En la región de Valparaíso a 26 días del mes de octubre de 2019
Los estudiantes de la carrera de Geografía y los académicos del Departamento de Ciencias Geográficas de la Universidad de Playa Ancha, pertenecientes a una Universidad pública y democrática, con un rol social activo, manifiestan su rechazo al estado de emergencia implantado por el gobierno de Chile, como respuesta a las legítimas demandas sociales generadas por el modelo económico que nos rige y adhiere al igual que la mayoría de la sociedad a las protestas que incitan a poner fin a las brutales inequidades sociales.
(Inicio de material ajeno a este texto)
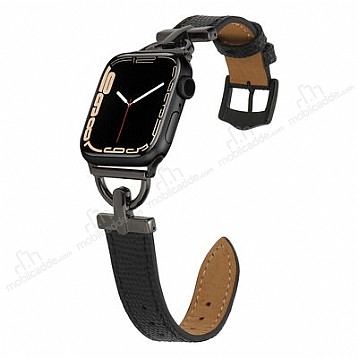 Apple Watch 7 Siyah Metal Deri Kordon (45 mm)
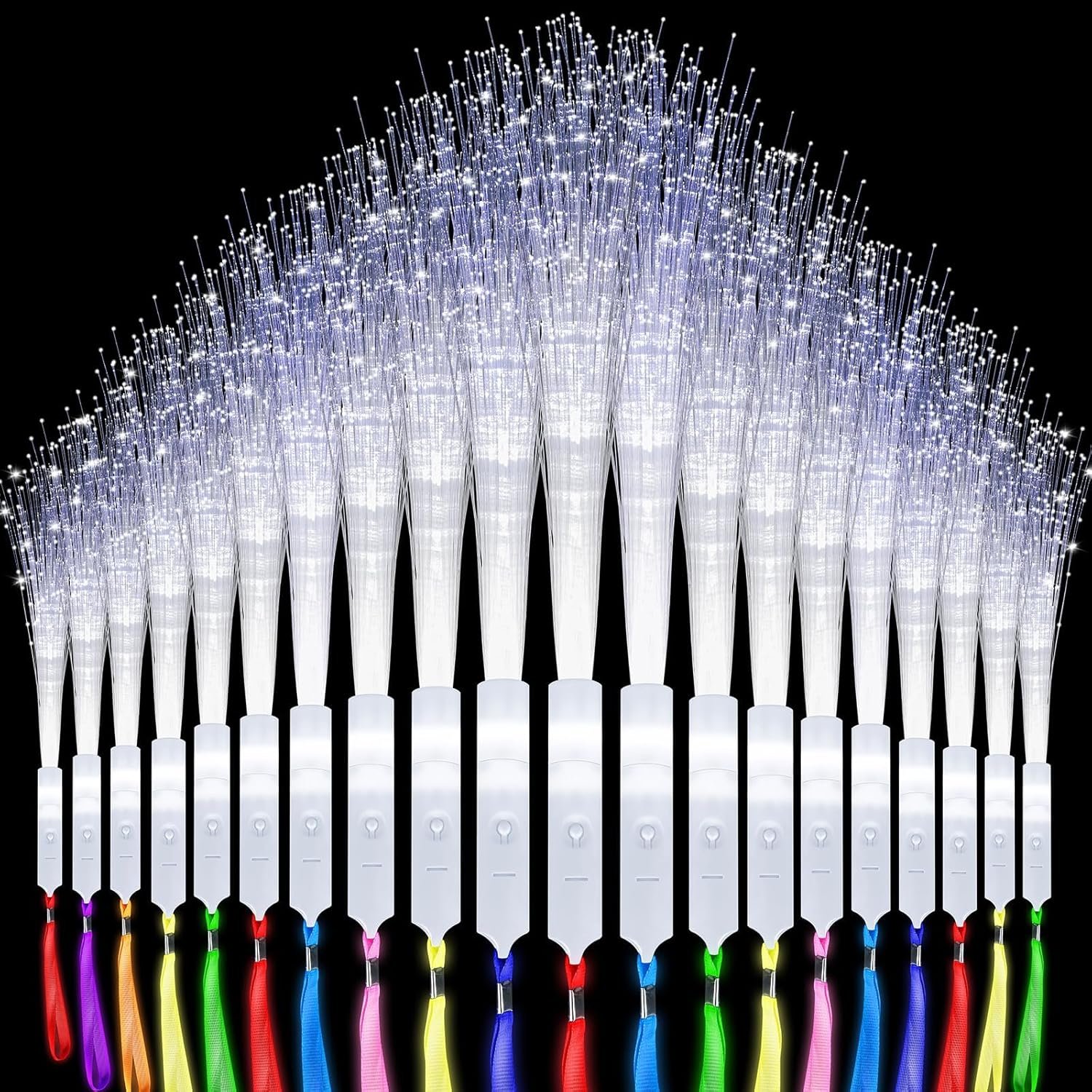 Wholesale 100 Pack White Fiber Optic LED Glow Wands with 3 Flashing Modes Bulk Light Up Sticks for Dark Birthday Wedding Halloween Christmas Parties 8 Colors Supplier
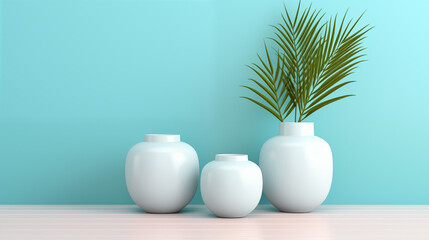 Fototapeta na wymiar white vase and plant with aqua color background, abstract vase, generate ai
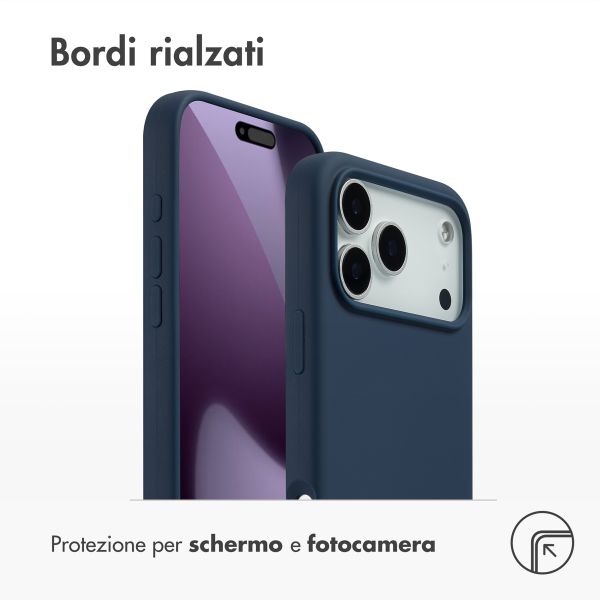 Accezz Cover in silicone liquido con MagSafe Apple iPhone 17 Pro Max - Blu scuro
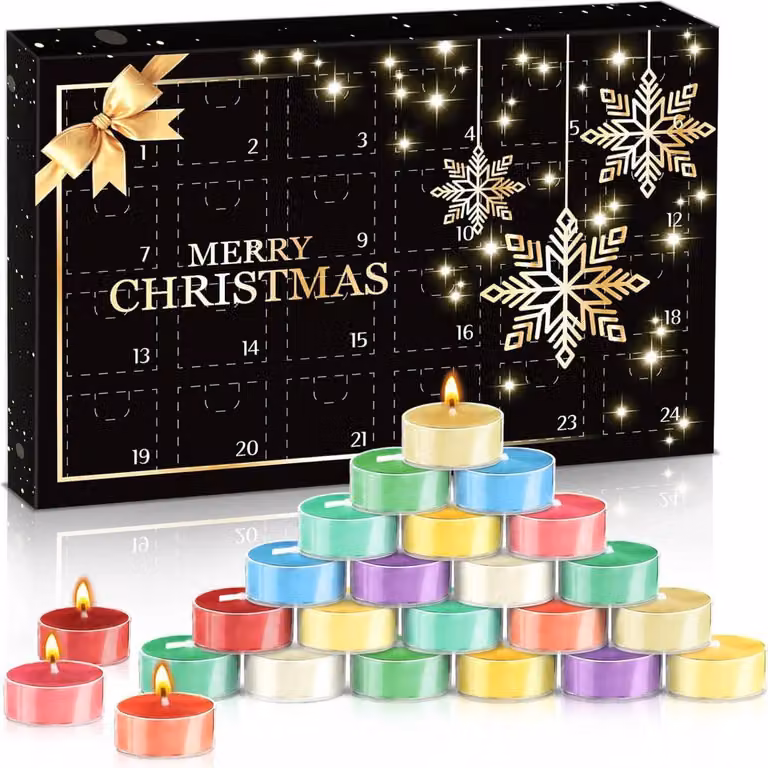 Candele profumate Calendario dell'Avvento Calendario di Natale Candele Tealight 24 profumi 2024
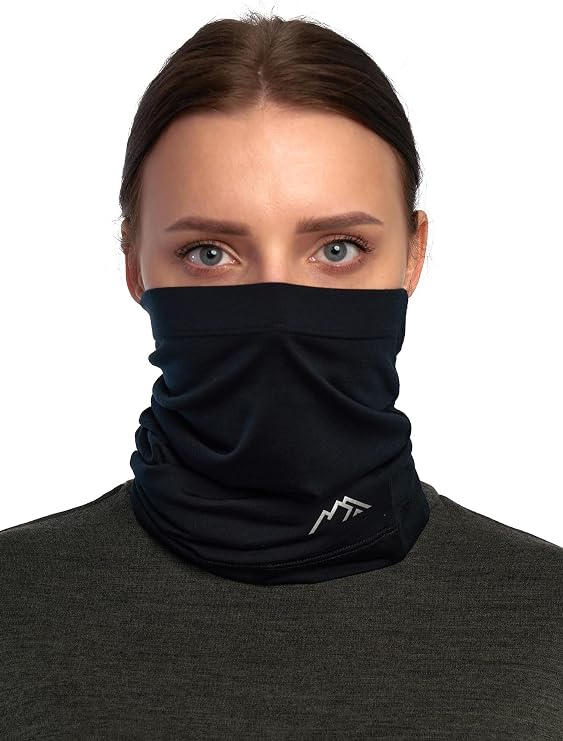 100% Merino Wool Neck Gaiter, 17.5um Face Mask, Unisex Neck Warmer 1-2 Pack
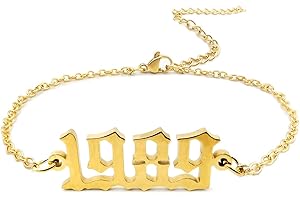 CSIYANJRY99 Birth Year Ankle Bracelets for Women,14K Gold Plated Birth Year Number Anklets Adjustable Chain Beach Foot Ankle Bracelets for Teen Girls Birthday Gifts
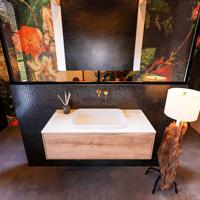 Badkamermeubelset Mondiaz Erin 100 cm met 1 Lade met RIDGE Wastafel Midden Talc Zonder Kraangaten Greeploos Mat Washed Oak - thumbnail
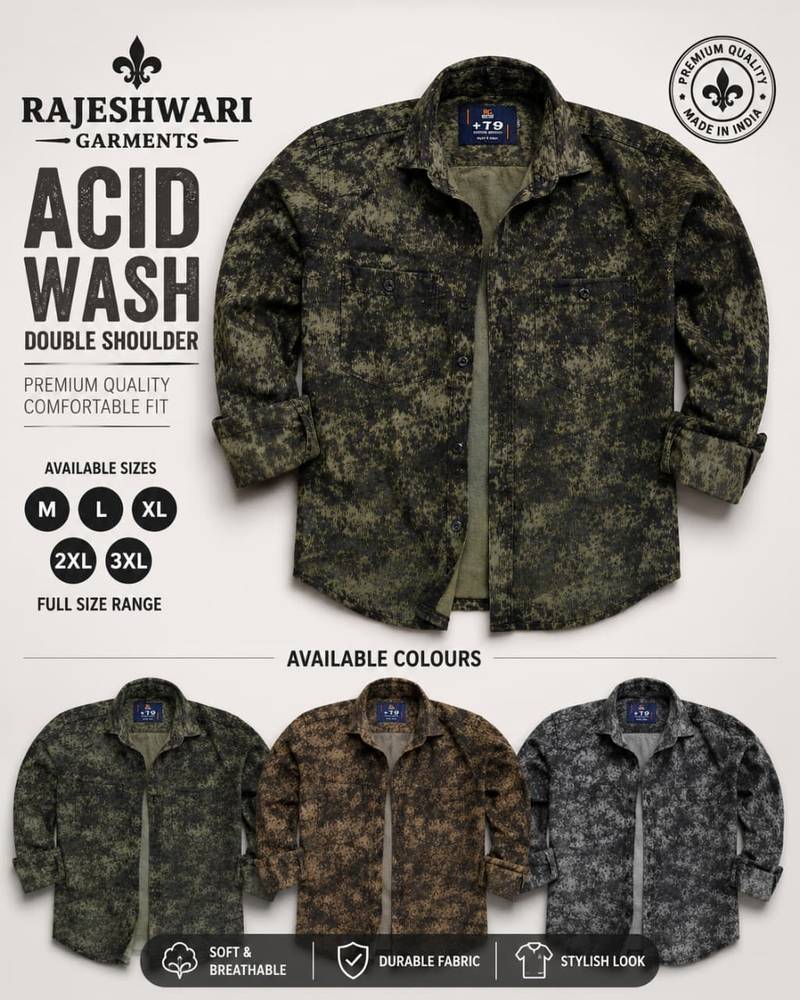 Acid Wash Double Shoulder Shirt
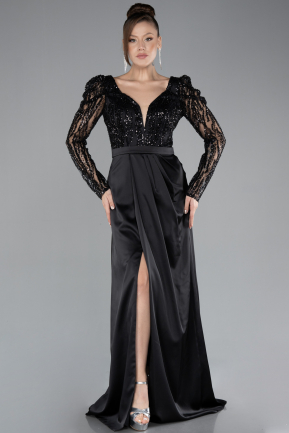 Robe de Soirée Longue Satin Noir ABU4499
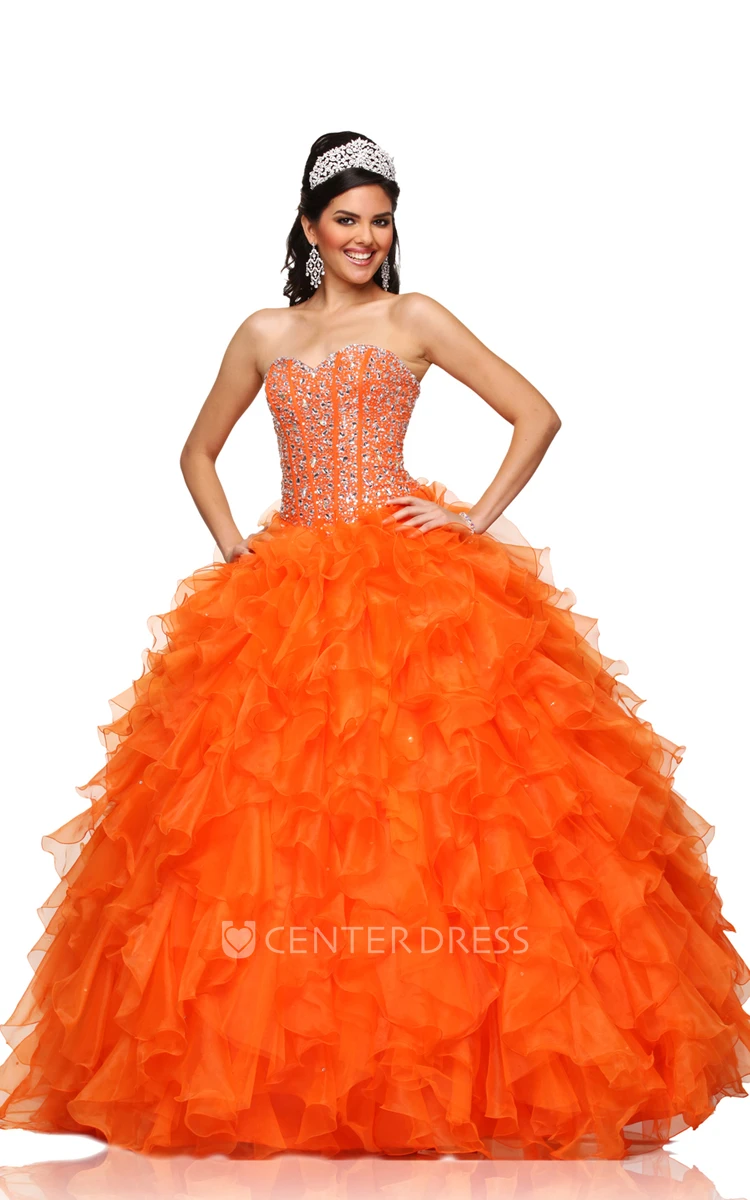 A-Line Sweetheart Sleeveless Chiffon Ball Gown With Cascading Ruffles And Crystal Bodice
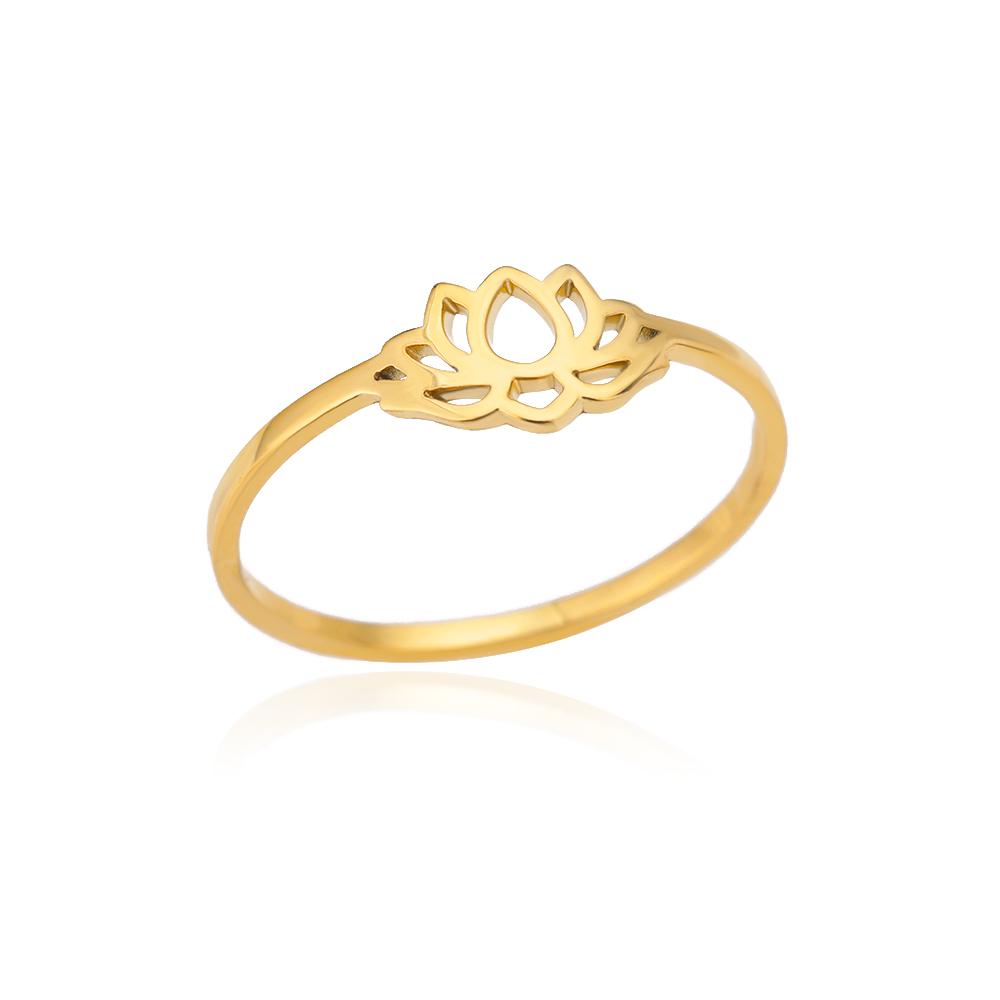 Lotus Flower Rings For Women Stainless Steel Sliver Color Finger Ring Vintage Wedding Ring Valentine's Day Jewelry Bague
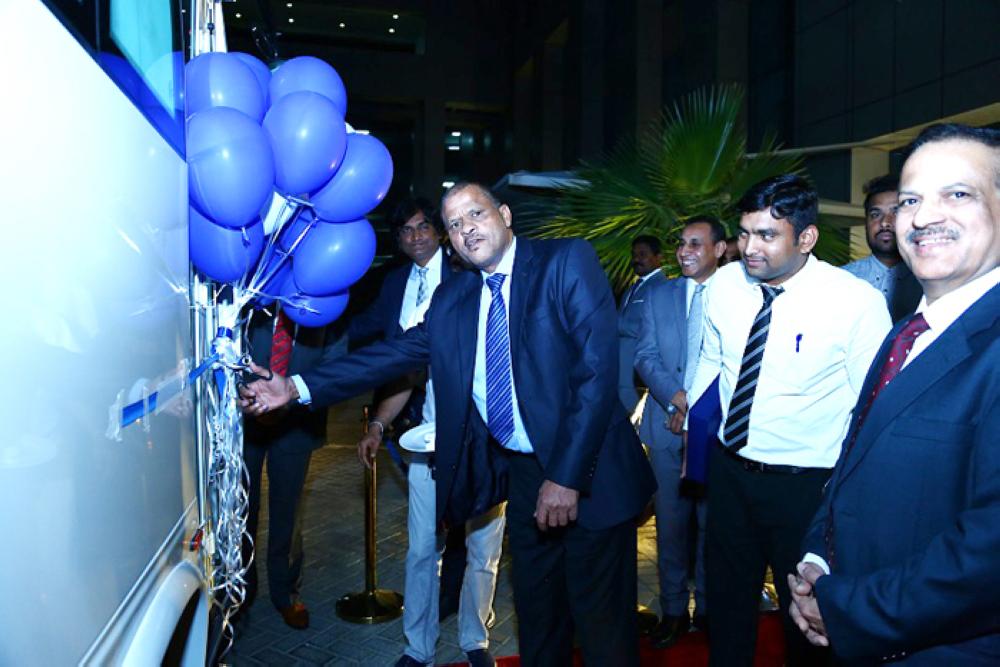 Ravi Panga, Vice-President for International Operations, with Karthik Ganesan, Regional Manager, MENA and other officials at the launch of Oyster 2018 model
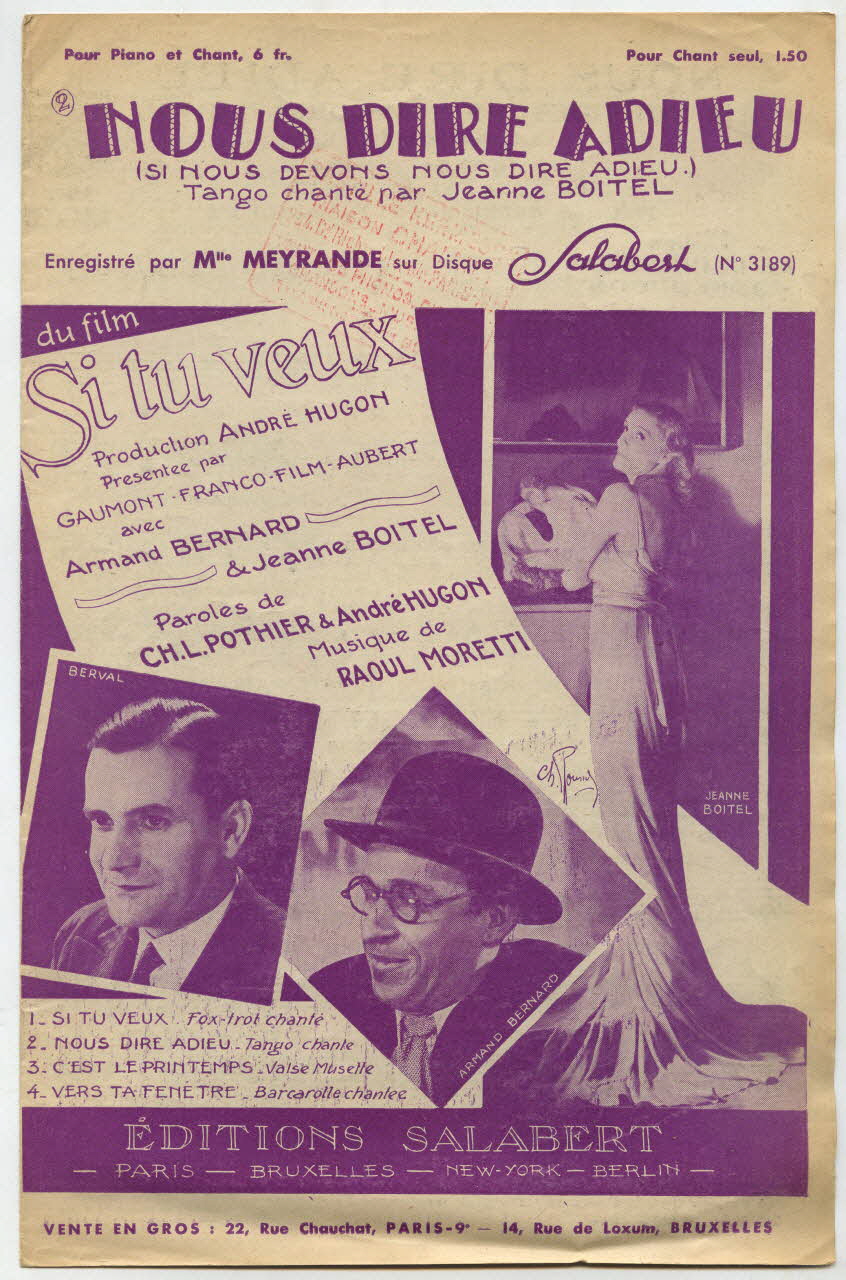 André Hugon ; Charles-Louis Pothier ; Raoul Moretti ; Salabert chanson petit format Île-de-France, France 1932 1965.144.188 Photo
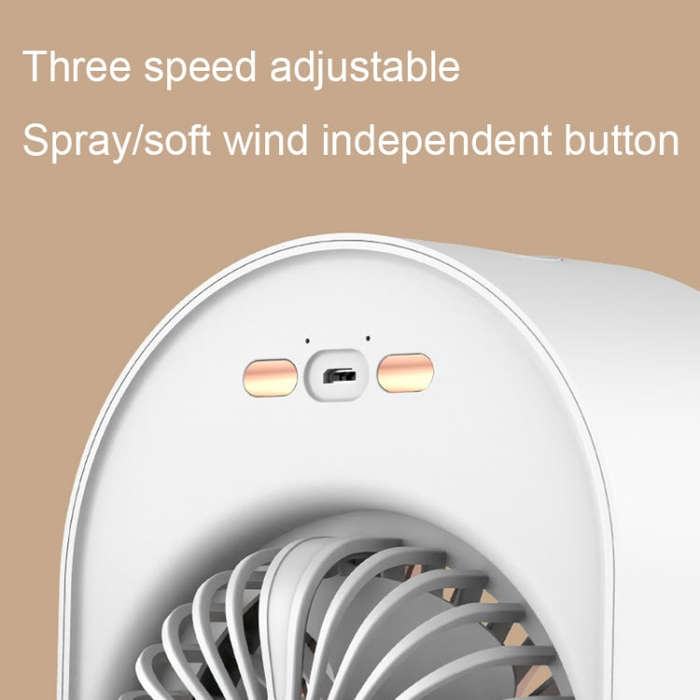 USB Spray Humidification Air Conditioning Fan Small Portable Desktop Air Cooler, Style: Plug-in (...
De igual manera rechazamos la forma violenta en que el estado no sólo ha conducido esta protesta social, sino también como ha conducido políticamente el devenir de los ciudadanos durante décadas, para mantener un modelo económico que ha generado un deterioro permanente de la calidad del empleo, la salud, vivienda y la educación pública.
Por lo tanto llamamos a las autoridades gubernamentales a mantener un canal democrático de dialogo social y político como herramienta real de cambio a las condiciones que nos rigen en la actualidad, aprovechar esta oportunidad para pensar una nueva estructura social, política y económica que dé respuestas coherentes a la realidad de las personas en nuestro país.
Como académicos y estudiantes, nos sentimos responsables de contribuir a las soluciones técnicas de este indeseado conflicto, el cual nadie en este país puede decir que no fue avisado.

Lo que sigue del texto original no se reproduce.